Quando é que o tabu deixou de ser tabu? O ponto de inflexão deu-se com as detenções na Madeira, nomeadamente do presidente da câmara do Funchal, e as suspeitas sobre Miguel Albuquerque. A partir desse momento, líderes partidários e comunicação social começaram a falar do tema com incómodo, é certo, mas falaram.
Esta segunda-feira, soube-se que o juiz do processo Influencer desvalorizou as suspeitas sobre António Costa, considerando-as vagas. Na mesma segunda-feira, Miguel Albuquerque anunciava que estava a ponderar recandidatar-se não obstante o processo judicial em curso. Perante estes dados, a justiça voltou ao mesmo lugar onde estava há três semanas, ou seja, silenciada pelos atores políticos e mediáticos.
2. Na contagem para as eleições de 10 de março, está parcialmente concluída a fase da audiovisualização da política se considerarmos que o ciclo de debates televisivos está encerrado. Depois dos 28 debates que colocaram frente a frente os diferentes líderes com representação parlamentar, aguardava-se com natural expectativa o confronto televisivo entre Luís Montenegro e Pedro Nuno Santos. Um deles será primeiro-ministro. Esta é a escolha nas democracias contemporâneas de base parlamentar como a portuguesa. Os eleitores votam em partidos, escolhem os 230 deputados, mas no centro do processo eleitoral está a liderança do governo. É a chamada ‘presidencialização do cargo de primeiro-ministro’ como referem alguns politólogos. Daí que sejam importantes princípios como a credibilidade, a confiança, a preparação, sendo que a liderança é a soma de todas estas variáveis.
É à luz deste enquadramento que os debates entre os candidatos à chefia do executivo são classificados como decisivos. É assim que as televisões os comunicam. Não é tão certo que seja assim que os eleitores os percecionem.
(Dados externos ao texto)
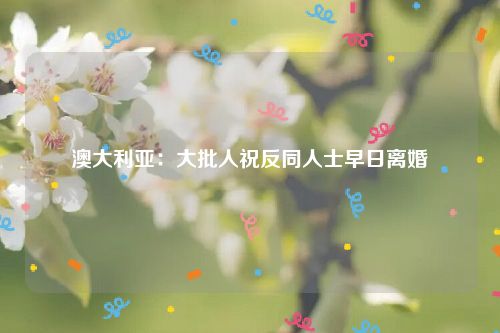 澳大利亚：大批人祝反同人士早日离婚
Nas sociedades mediáticas, os debates são relevantes mas não são determinantes. O vencedor de um debate pode não vencer a eleição. Há dois anos, os comentadores deram a vitória a Rui Rio no debate com António Costa que conseguiu uma maioria absoluta. De igual modo, por exemplo nos Estados Unidos, há uns anos, John Kerry pelo Partido Democrata venceu o debate com o republicano George W. Bush. No entanto, a eleição foi ganha por Bush. Não existe, de facto, uma relação direta entre a performance mediática e o voto, embora a primeira não possa ser negligenciável.
3. No ‘duelo’ Pedro Nuno Santos/ Luís Montenegro, estava fundamentalmente em causa a conquista para o campo eleitoral de cada um do milhão e meio de indecisos. É um número muito elevado. Porventura, o mais elevado de sempre. São estes indecisos que irão certamente dar a vitória ao PS ou à AD. A dúvida está em saber se o debate contribuiu para a decisão de quem até segunda-feira não sabia em quem votar ou se, pelo contrário, as contas ficaram na mesma. Isto é: PS e AD em situação de empate. A confirmar-se esta segunda hipótese, resta a campanha de rua no país real por vezes tão afastado da bolha politica e mediática. Faltam 17 dias para as eleições.